## Task prompt
Write out every record again, exactly.

## Provided records
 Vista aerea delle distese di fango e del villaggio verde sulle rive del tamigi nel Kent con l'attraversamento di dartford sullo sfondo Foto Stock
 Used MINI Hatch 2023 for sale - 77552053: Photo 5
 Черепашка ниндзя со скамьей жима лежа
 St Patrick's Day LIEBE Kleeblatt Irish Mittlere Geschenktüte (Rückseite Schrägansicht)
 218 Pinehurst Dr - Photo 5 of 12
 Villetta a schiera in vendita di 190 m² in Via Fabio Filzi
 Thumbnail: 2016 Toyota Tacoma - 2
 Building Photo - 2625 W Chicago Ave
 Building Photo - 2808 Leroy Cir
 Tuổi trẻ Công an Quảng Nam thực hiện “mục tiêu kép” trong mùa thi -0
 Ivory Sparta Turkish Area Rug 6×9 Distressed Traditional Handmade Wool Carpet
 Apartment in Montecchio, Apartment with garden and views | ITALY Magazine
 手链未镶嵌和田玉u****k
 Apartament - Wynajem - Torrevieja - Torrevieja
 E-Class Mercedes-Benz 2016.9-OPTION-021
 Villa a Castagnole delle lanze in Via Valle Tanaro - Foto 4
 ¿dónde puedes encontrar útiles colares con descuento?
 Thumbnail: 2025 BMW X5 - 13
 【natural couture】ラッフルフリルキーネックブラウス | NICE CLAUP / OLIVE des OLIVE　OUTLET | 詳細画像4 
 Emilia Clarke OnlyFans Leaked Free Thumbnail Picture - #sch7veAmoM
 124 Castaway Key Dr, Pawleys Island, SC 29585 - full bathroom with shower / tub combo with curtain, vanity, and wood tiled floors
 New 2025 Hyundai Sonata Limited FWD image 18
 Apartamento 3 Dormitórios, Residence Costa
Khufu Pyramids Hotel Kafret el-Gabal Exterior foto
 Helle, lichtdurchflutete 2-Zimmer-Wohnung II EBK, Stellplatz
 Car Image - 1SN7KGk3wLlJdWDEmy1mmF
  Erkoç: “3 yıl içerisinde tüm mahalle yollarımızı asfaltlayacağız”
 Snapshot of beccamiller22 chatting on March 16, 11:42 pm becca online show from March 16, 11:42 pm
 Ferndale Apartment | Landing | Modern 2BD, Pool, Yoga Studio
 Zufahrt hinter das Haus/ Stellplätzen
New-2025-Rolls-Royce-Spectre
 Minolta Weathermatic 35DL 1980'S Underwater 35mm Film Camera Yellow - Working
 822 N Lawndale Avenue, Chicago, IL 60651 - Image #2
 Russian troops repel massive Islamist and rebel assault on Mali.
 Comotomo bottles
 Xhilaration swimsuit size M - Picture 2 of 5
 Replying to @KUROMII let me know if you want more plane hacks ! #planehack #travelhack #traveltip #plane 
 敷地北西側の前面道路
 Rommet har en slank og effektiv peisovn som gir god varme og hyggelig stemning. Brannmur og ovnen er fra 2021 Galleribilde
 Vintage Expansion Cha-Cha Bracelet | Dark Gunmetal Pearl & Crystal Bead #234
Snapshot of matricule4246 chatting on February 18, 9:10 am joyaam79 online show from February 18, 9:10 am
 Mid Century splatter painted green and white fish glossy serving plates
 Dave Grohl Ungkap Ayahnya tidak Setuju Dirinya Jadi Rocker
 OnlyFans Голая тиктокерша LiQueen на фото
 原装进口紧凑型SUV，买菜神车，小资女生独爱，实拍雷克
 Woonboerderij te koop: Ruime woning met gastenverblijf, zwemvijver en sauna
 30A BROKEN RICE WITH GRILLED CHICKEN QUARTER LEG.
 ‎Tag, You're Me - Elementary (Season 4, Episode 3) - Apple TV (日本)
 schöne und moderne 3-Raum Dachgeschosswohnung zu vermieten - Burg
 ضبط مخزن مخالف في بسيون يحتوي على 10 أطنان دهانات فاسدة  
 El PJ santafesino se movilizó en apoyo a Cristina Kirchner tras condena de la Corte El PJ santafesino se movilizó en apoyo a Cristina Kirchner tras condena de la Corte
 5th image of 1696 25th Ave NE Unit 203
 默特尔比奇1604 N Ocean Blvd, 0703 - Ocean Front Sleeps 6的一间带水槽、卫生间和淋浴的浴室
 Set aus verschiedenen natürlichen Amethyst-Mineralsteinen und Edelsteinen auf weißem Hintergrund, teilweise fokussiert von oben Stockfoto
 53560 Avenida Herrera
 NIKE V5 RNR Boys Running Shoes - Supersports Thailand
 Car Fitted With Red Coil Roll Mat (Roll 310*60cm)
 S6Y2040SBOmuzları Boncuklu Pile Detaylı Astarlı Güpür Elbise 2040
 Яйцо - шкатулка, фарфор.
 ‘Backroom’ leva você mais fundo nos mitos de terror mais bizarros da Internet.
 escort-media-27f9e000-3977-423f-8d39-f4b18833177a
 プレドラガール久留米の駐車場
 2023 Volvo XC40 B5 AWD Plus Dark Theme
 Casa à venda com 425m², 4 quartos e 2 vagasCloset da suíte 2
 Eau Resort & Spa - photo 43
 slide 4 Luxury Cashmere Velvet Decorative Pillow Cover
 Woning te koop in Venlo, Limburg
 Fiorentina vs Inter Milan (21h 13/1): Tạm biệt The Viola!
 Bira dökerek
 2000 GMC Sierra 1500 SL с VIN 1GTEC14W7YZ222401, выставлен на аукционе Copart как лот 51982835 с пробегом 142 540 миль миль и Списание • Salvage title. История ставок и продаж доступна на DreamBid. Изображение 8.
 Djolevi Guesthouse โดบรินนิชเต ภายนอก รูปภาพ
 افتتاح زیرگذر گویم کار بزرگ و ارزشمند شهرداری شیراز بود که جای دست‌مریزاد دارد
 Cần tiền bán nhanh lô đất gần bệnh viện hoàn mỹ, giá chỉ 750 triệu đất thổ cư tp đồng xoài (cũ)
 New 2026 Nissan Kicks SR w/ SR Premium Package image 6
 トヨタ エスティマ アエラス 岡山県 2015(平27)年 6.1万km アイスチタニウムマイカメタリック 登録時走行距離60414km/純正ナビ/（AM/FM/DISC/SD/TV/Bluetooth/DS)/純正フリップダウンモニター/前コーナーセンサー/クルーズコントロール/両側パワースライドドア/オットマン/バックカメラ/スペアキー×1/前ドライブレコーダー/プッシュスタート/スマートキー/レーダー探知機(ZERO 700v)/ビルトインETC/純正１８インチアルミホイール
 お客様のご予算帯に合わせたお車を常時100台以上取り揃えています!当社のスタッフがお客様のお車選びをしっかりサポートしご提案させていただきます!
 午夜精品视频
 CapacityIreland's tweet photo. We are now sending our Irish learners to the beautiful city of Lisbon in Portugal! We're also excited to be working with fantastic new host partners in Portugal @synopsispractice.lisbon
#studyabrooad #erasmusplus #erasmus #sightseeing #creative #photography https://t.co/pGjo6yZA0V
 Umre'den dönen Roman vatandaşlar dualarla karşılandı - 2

## Exercise result
 Vista aerea delle distese di fango e del villaggio verde sulle rive del tamigi nel Kent con l'attraversamento di dartford sullo sfondo Foto Stock
 Used MINI Hatch 2023 for sale - 77552053: Photo 5
 Черепашка ниндзя со скамьей жима лежа
 St Patrick's Day LIEBE Kleeblatt Irish Mittlere Geschenktüte (Rückseite Schrägansicht)
 218 Pinehurst Dr - Photo 5 of 12
 Villetta a schiera in vendita di 190 m² in Via Fabio Filzi
 Thumbnail: 2016 Toyota Tacoma - 2
 Building Photo - 2625 W Chicago Ave
 Building Photo - 2808 Leroy Cir
 Tuổi trẻ Công an Quảng Nam thực hiện “mục tiêu kép” trong mùa thi -0
 Ivory Sparta Turkish Area Rug 6×9 Distressed Traditional Handmade Wool Carpet
 Apartment in Montecchio, Apartment with garden and views | ITALY Magazine
 手链未镶嵌和田玉u****k
 Apartament - Wynajem - Torrevieja - Torrevieja
 E-Class Mercedes-Benz 2016.9-OPTION-021
 Villa a Castagnole delle lanze in Via Valle Tanaro - Foto 4
 ¿dónde puedes encontrar útiles colares con descuento?
 Thumbnail: 2025 BMW X5 - 13
 【natural couture】ラッフルフリルキーネックブラウス | NICE CLAUP / OLIVE des OLIVE　OUTLET | 詳細画像4 
 Emilia Clarke OnlyFans Leaked Free Thumbnail Picture - #sch7veAmoM
 124 Castaway Key Dr, Pawleys Island, SC 29585 - full bathroom with shower / tub combo with curtain, vanity, and wood tiled floors
 New 2025 Hyundai Sonata Limited FWD image 18
 Apartamento 3 Dormitórios, Residence Costa
Khufu Pyramids Hotel Kafret el-Gabal Exterior foto
 Helle, lichtdurchflutete 2-Zimmer-Wohnung II EBK, Stellplatz
 Car Image - 1SN7KGk3wLlJdWDEmy1mmF
  Erkoç: “3 yıl içerisinde tüm mahalle yollarımızı asfaltlayacağız”
 Snapshot of beccamiller22 chatting on March 16, 11:42 pm becca online show from March 16, 11:42 pm
 Ferndale Apartment | Landing | Modern 2BD, Pool, Yoga Studio
 Zufahrt hinter das Haus/ Stellplätzen
New-2025-Rolls-Royce-Spectre
 Minolta Weathermatic 35DL 1980'S Underwater 35mm Film Camera Yellow - Working
 822 N Lawndale Avenue, Chicago, IL 60651 - Image #2
 Russian troops repel massive Islamist and rebel assault on Mali.
 Comotomo bottles
 Xhilaration swimsuit size M - Picture 2 of 5
 Replying to @KUROMII let me know if you want more plane hacks ! #planehack #travelhack #traveltip #plane 
 敷地北西側の前面道路
 Rommet har en slank og effektiv peisovn som gir god varme og hyggelig stemning. Brannmur og ovnen er fra 2021 Galleribilde
 Vintage Expansion Cha-Cha Bracelet | Dark Gunmetal Pearl & Crystal Bead #234
Snapshot of matricule4246 chatting on February 18, 9:10 am joyaam79 online show from February 18, 9:10 am
 Mid Century splatter painted green and white fish glossy serving plates
 Dave Grohl Ungkap Ayahnya tidak Setuju Dirinya Jadi Rocker
 OnlyFans Голая тиктокерша LiQueen на фото
 原装进口紧凑型SUV，买菜神车，小资女生独爱，实拍雷克
 Woonboerderij te koop: Ruime woning met gastenverblijf, zwemvijver en sauna
 30A BROKEN RICE WITH GRILLED CHICKEN QUARTER LEG.
 ‎Tag, You're Me - Elementary (Season 4, Episode 3) - Apple TV (日本)
 schöne und moderne 3-Raum Dachgeschosswohnung zu vermieten - Burg
 ضبط مخزن مخالف في بسيون يحتوي على 10 أطنان دهانات فاسدة  
 El PJ santafesino se movilizó en apoyo a Cristina Kirchner tras condena de la Corte El PJ santafesino se movilizó en apoyo a Cristina Kirchner tras condena de la Corte
 5th image of 1696 25th Ave NE Unit 203
 默特尔比奇1604 N Ocean Blvd, 0703 - Ocean Front Sleeps 6的一间带水槽、卫生间和淋浴的浴室
 Set aus verschiedenen natürlichen Amethyst-Mineralsteinen und Edelsteinen auf weißem Hintergrund, teilweise fokussiert von oben Stockfoto
 53560 Avenida Herrera
 NIKE V5 RNR Boys Running Shoes - Supersports Thailand
 Car Fitted With Red Coil Roll Mat (Roll 310*60cm)
 S6Y2040SBOmuzları Boncuklu Pile Detaylı Astarlı Güpür Elbise 2040
 Яйцо - шкатулка, фарфор.
 ‘Backroom’ leva você mais fundo nos mitos de terror mais bizarros da Internet.
 escort-media-27f9e000-3977-423f-8d39-f4b18833177a
 プレドラガール久留米の駐車場
 2023 Volvo XC40 B5 AWD Plus Dark Theme
 Casa à venda com 425m², 4 quartos e 2 vagasCloset da suíte 2
 Eau Resort & Spa - photo 43
 slide 4 Luxury Cashmere Velvet Decorative Pillow Cover
 Woning te koop in Venlo, Limburg
 Fiorentina vs Inter Milan (21h 13/1): Tạm biệt The Viola!
 Bira dökerek
 2000 GMC Sierra 1500 SL с VIN 1GTEC14W7YZ222401, выставлен на аукционе Copart как лот 51982835 с пробегом 142 540 миль миль и Списание • Salvage title. История ставок и продаж доступна на DreamBid. Изображение 8.
 Djolevi Guesthouse โดบรินนิชเต ภายนอก รูปภาพ
 افتتاح زیرگذر گویم کار بزرگ و ارزشمند شهرداری شیراز بود که جای دست‌مریزاد دارد
 Cần tiền bán nhanh lô đất gần bệnh viện hoàn mỹ, giá chỉ 750 triệu đất thổ cư tp đồng xoài (cũ)
 New 2026 Nissan Kicks SR w/ SR Premium Package image 6
 トヨタ エスティマ アエラス 岡山県 2015(平27)年 6.1万km アイスチタニウムマイカメタリック 登録時走行距離60414km/純正ナビ/（AM/FM/DISC/SD/TV/Bluetooth/DS)/純正フリップダウンモニター/前コーナーセンサー/クルーズコントロール/両側パワースライドドア/オットマン/バックカメラ/スペアキー×1/前ドライブレコーダー/プッシュスタート/スマートキー/レーダー探知機(ZERO 700v)/ビルトインETC/純正１８インチアルミホイール
 お客様のご予算帯に合わせたお車を常時100台以上取り揃えています!当社のスタッフがお客様のお車選びをしっかりサポートしご提案させていただきます!
 午夜精品视频
 CapacityIreland's tweet photo. We are now sending our Irish learners to the beautiful city of Lisbon in Portugal! We're also excited to be working with fantastic new host partners in Portugal @synopsispractice.lisbon
#studyabrooad #erasmusplus #erasmus #sightseeing #creative #photography https://t.co/pGjo6yZA0V
 Umre'den dönen Roman vatandaşlar dualarla karşılandı - 2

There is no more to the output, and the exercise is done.